(Entries taken from a collection)
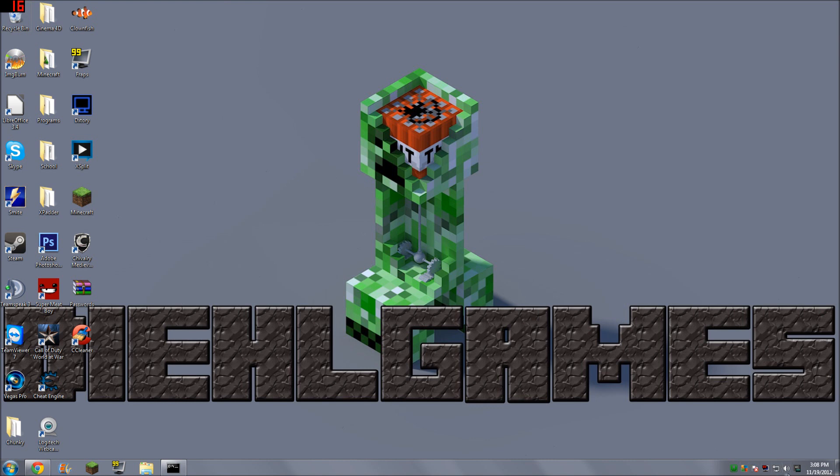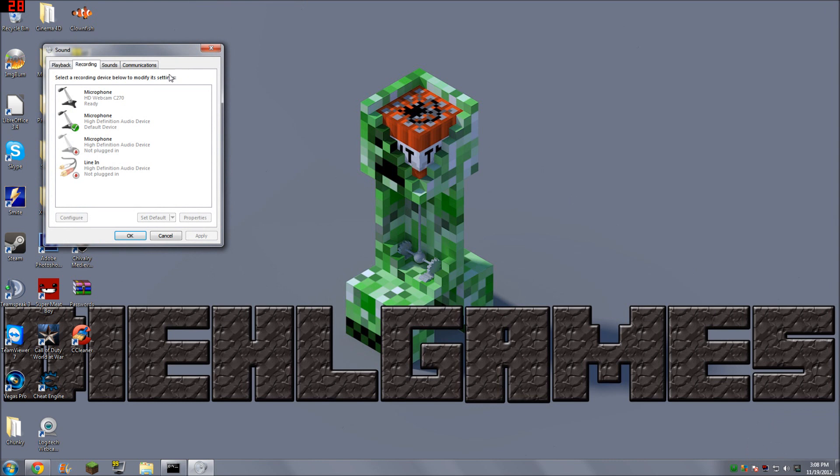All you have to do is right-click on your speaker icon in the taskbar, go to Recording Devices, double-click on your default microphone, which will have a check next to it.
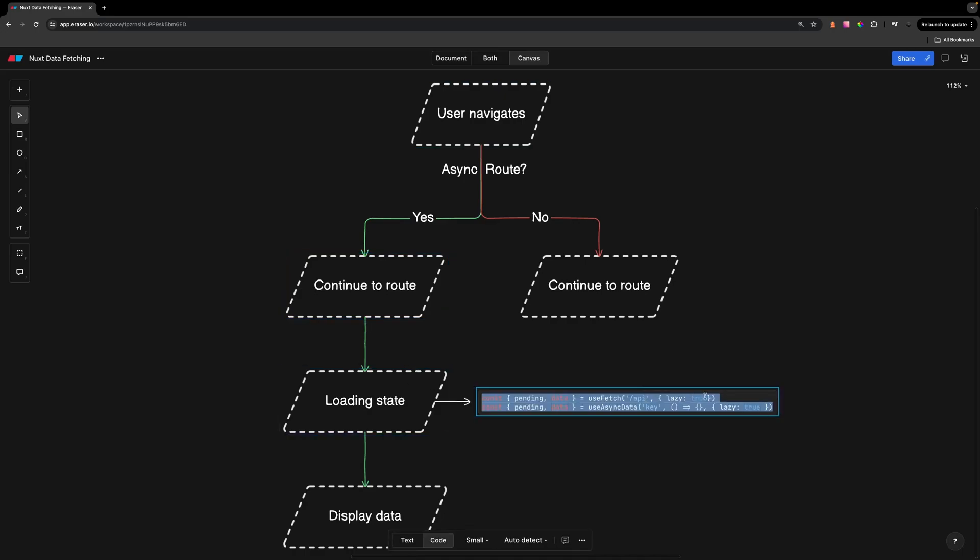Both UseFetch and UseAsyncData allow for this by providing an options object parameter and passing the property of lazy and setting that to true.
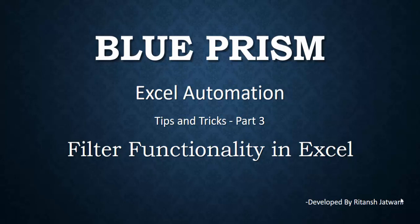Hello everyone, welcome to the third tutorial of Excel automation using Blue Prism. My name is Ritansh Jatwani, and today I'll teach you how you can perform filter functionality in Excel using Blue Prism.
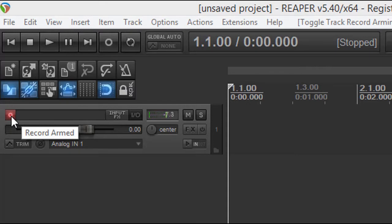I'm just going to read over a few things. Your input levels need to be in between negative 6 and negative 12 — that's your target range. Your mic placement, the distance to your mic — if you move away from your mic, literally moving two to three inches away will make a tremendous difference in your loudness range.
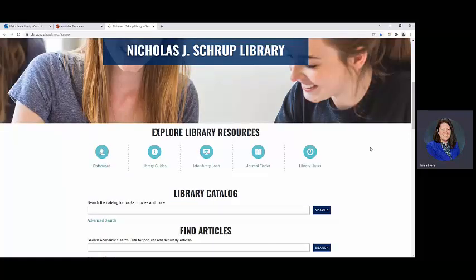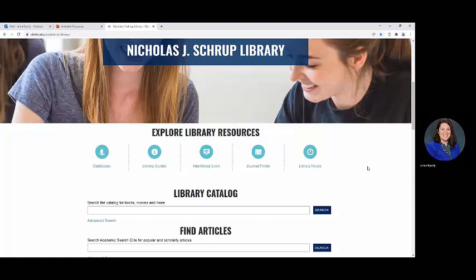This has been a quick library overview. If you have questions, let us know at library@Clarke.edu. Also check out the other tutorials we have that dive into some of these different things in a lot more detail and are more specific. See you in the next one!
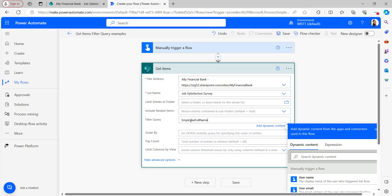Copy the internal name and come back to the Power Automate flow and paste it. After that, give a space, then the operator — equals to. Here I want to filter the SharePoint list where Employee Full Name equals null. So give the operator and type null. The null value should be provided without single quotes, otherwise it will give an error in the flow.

==

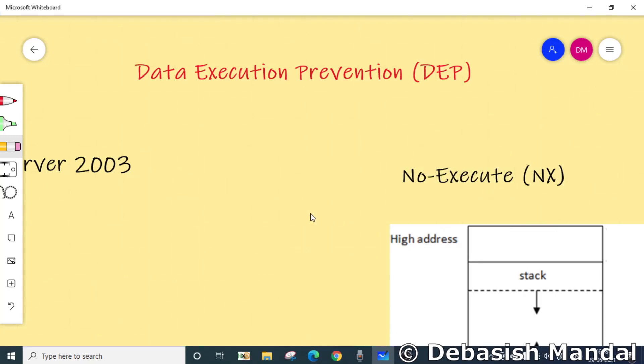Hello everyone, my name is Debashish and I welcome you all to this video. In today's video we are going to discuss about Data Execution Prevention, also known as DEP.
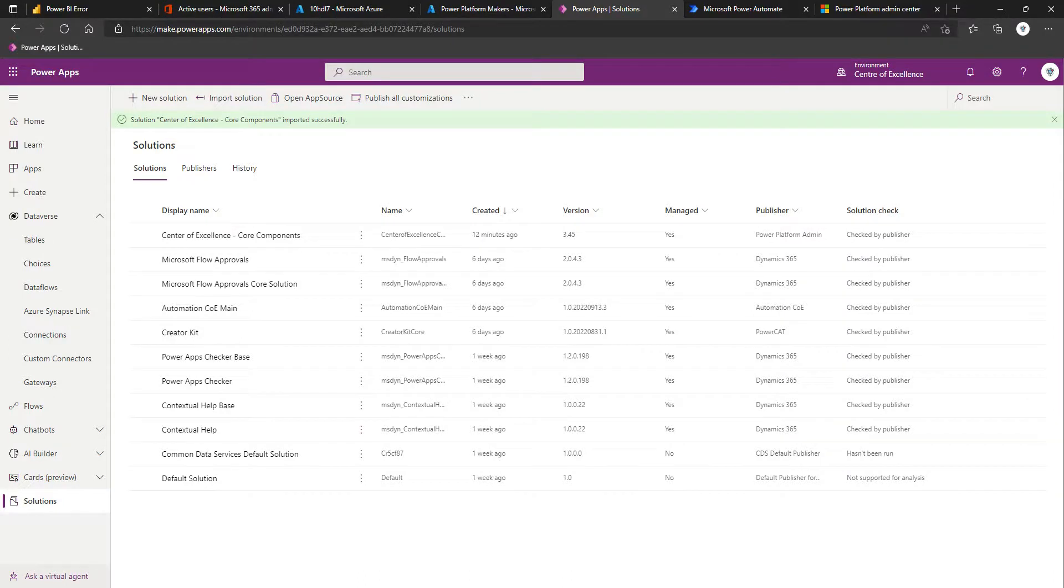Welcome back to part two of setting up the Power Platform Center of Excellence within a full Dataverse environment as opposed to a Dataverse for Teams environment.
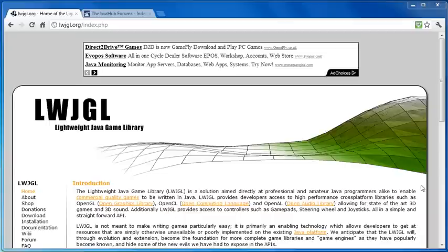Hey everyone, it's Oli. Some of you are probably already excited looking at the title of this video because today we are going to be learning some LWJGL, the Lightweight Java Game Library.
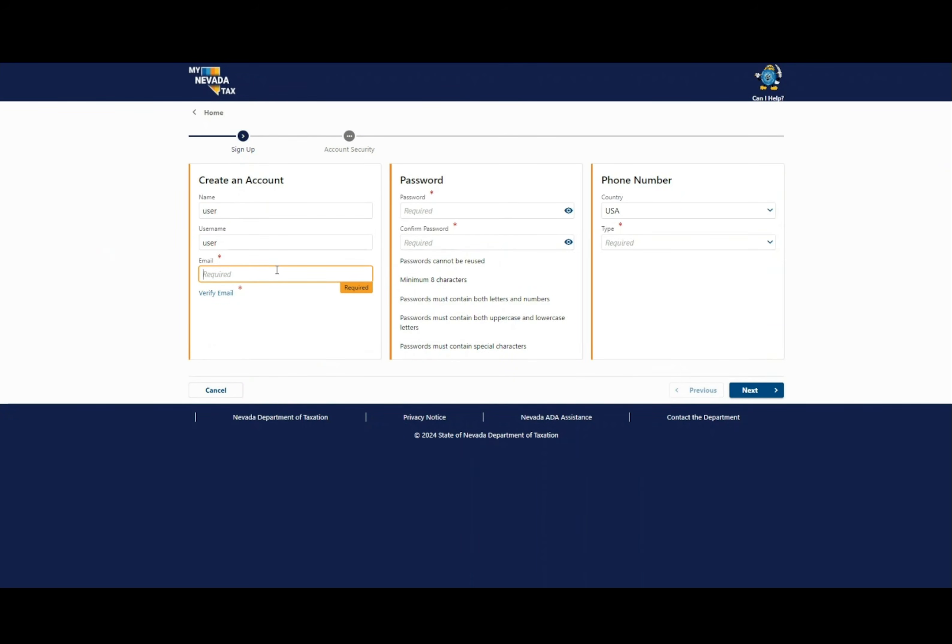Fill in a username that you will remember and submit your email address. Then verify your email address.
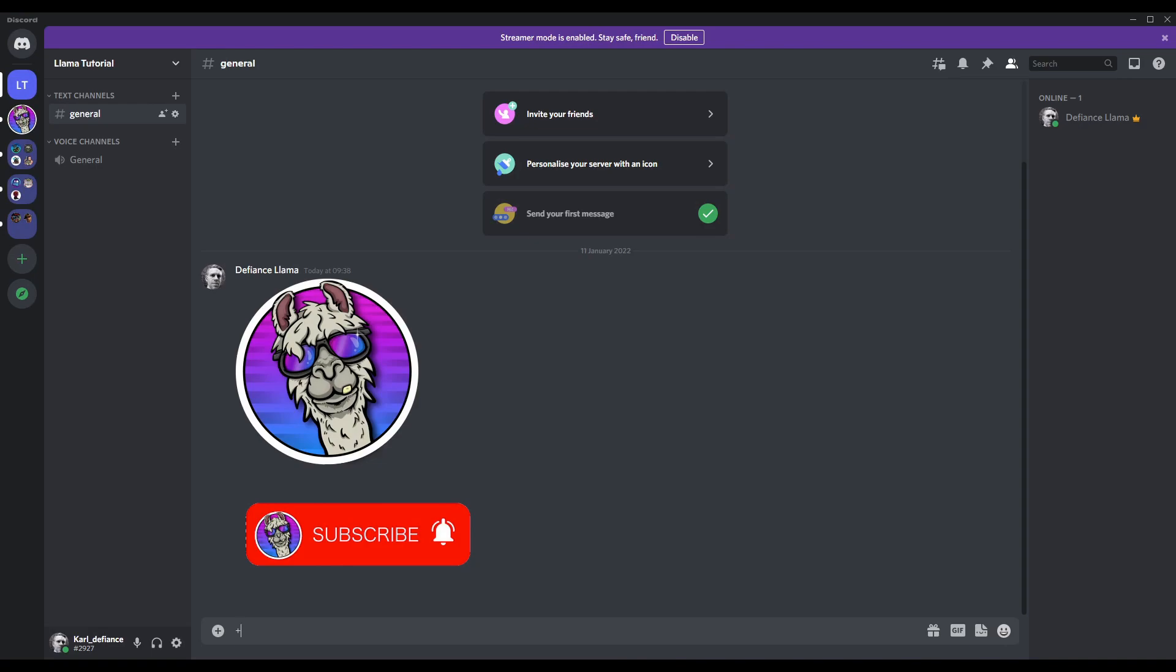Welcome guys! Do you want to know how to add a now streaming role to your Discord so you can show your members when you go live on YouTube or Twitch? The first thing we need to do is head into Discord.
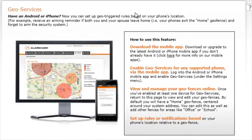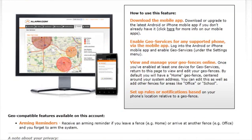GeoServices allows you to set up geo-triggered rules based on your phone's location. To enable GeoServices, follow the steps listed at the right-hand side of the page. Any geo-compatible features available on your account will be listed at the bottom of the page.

---

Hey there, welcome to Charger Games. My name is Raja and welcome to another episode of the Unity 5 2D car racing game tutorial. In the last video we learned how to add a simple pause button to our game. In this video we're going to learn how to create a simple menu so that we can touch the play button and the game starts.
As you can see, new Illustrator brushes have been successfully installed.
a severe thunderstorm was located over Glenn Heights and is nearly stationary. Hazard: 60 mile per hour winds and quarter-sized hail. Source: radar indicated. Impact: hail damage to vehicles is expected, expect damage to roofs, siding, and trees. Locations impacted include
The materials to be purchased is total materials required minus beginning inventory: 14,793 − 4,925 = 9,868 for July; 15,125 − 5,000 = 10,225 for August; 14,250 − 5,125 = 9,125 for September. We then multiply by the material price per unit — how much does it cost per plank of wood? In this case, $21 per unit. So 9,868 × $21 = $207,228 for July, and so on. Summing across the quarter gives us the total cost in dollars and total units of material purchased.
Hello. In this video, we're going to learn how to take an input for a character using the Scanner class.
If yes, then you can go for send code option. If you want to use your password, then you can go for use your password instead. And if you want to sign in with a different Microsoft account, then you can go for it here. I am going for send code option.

WHAT THE TASK REQUIRES :: Beginning with the line above that contains "All you have" and ending with the line that contains "Copy the internal", quote each line exactly, keeping out the pictures.

COMPLETED EXERCISE ::
All you have to do is right-click on your speaker icon in the taskbar, go to Recording Devices, double-click on your default microphone, which will have a check next to it.
Both UseFetch and UseAsyncData allow for this by providing an options object parameter and passing the property of lazy and setting that to true.
Hello everyone, welcome to the third tutorial of Excel automation using Blue Prism. My name is Ritansh Jatwani, and today I'll teach you how you can perform filter functionality in Excel using Blue Prism.
I'm just going to read over a few things. Your input levels need to be in between negative 6 and negative 12 — that's your target range. Your mic placement, the distance to your mic — if you move away from your mic, literally moving two to three inches away will make a tremendous difference in your loudness range.
This has been a quick library overview. If you have questions, let us know at library@Clarke.edu. Also check out the other tutorials we have that dive into some of these different things in a lot more detail and are more specific. See you in the next one!
Copy the internal name and come back to the Power Automate flow and paste it. After that, give a space, then the operator — equals to. Here I want to filter the SharePoint list where Employee Full Name equals null. So give the operator and type null. The null value should be provided without single quotes, otherwise it will give an error in the flow.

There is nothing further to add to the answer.